The Kevin and Sadie series is a 1970s set of young adult novels by Scottish novelist Joan Lingard. The books, set in Northern Ireland and England against the backdrop of the Northern Ireland conflict, deal with a young couple; Sadie Jackson, who is from the Ulster Protestant community, and Kevin McCoy, who is from the Irish Catholic community. This couple finds love despite the various physical and psychological barriers in their society.

==Overview==
Lingard decided to write the first book prior to the eruption of violence in Northern Ireland in late 1969 after hearing a Protestant family friend tell a joke that she deemed to be sectarian. Despite concern from her literary agent that publishers would reject the material on account of its coverage of political and religious strife, the manuscript for the first book, The Twelfth Day of July, attracted interest from Penguin Books and was published in 1970 to a mixture of positive reviews and disapproval of the book's subject matter. The book dealt with the beginning of the romance between the main characters at the beginning of The Troubles. The book was Lingard's first novel aimed at younger readers and her first commercial success.

The sequel, Across the Barricades, sees the couple reunite 3 years later.

The remaining books deal with the couple's developing romance, despite disapproval from their families, and their eventual move to England and their secret marriage.

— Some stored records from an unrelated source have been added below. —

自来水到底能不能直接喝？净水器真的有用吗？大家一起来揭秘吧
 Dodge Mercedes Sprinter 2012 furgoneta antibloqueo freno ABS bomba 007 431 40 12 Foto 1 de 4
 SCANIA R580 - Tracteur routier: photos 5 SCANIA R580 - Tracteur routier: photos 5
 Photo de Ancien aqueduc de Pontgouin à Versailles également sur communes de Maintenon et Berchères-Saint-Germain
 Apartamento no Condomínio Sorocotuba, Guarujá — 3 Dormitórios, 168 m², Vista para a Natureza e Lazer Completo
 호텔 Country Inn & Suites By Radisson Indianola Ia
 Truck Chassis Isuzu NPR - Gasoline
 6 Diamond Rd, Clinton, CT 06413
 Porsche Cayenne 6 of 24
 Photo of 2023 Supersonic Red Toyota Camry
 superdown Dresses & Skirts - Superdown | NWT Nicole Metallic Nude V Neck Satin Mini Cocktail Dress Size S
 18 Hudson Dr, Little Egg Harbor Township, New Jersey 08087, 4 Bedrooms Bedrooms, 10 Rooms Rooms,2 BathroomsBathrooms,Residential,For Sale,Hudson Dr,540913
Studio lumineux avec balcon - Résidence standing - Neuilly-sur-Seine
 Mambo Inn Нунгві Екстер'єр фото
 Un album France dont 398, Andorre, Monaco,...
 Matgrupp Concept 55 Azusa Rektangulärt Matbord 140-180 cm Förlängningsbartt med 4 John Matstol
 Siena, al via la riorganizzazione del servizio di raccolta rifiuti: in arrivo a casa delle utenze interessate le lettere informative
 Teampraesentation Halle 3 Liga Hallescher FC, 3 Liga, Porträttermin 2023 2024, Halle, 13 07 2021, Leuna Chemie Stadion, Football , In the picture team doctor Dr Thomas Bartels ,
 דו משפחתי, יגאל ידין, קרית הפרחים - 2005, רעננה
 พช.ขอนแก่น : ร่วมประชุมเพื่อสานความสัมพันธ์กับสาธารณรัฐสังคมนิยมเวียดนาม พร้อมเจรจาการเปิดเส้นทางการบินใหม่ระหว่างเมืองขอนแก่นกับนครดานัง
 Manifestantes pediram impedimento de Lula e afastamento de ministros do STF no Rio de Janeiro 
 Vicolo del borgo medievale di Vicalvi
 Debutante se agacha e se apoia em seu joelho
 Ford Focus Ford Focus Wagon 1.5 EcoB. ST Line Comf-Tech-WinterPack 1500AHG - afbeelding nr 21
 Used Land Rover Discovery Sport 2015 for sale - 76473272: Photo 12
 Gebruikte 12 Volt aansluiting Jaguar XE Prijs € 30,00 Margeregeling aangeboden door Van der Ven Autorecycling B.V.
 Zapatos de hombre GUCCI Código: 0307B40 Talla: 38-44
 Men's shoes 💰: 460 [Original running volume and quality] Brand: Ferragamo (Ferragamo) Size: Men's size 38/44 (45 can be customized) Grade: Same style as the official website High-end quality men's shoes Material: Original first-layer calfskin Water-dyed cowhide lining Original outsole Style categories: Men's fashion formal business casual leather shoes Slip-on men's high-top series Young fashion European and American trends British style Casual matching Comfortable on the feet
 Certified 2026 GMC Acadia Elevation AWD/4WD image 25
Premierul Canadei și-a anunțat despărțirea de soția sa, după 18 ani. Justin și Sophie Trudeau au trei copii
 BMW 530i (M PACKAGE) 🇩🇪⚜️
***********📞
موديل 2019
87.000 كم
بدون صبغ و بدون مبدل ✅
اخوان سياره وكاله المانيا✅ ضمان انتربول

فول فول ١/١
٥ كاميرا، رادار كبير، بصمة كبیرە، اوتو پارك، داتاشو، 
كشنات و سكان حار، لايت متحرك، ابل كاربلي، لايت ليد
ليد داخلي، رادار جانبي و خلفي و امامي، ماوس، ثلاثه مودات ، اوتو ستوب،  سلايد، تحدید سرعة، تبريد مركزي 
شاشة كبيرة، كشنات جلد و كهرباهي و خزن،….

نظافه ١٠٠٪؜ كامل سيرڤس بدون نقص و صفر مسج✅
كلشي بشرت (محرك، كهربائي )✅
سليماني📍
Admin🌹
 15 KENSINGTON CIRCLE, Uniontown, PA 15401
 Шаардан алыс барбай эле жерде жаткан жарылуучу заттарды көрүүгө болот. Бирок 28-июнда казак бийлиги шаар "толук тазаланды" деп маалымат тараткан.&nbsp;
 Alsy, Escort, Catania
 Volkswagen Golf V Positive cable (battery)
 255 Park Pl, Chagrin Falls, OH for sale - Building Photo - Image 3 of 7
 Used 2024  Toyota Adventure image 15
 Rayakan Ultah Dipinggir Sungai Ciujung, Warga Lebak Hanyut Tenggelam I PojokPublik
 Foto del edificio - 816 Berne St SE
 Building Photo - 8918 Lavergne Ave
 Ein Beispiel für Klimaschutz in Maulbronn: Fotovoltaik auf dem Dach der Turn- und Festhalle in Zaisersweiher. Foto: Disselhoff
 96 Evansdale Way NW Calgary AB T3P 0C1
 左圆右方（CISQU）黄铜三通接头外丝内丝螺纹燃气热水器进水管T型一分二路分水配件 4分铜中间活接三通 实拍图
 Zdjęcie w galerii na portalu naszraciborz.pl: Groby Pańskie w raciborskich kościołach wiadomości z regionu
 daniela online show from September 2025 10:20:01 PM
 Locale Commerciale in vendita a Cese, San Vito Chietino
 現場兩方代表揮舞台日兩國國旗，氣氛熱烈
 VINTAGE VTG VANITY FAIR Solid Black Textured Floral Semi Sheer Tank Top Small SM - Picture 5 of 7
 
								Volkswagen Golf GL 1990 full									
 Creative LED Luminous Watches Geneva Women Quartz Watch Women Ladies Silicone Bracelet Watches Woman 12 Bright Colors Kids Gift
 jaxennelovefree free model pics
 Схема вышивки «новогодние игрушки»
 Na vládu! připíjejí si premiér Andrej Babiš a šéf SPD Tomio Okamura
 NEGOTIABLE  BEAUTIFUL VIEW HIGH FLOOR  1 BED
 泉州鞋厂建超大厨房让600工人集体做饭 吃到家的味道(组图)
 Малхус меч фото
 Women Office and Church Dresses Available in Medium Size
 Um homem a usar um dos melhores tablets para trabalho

Lingard considered writing a sixth book, in which the couple returned to a post-conflict Belfast, but judged that divisions in the city still existed.

As of July 2010, the books had sold 1.3 million copies worldwide and had been translated into several languages.

==Books==
- The Twelfth Day of July (1970)
- Across the Barricades (1972)
- Into Exile (1973)
- A Proper Place (1975)
- Hostages to Fortune (1976)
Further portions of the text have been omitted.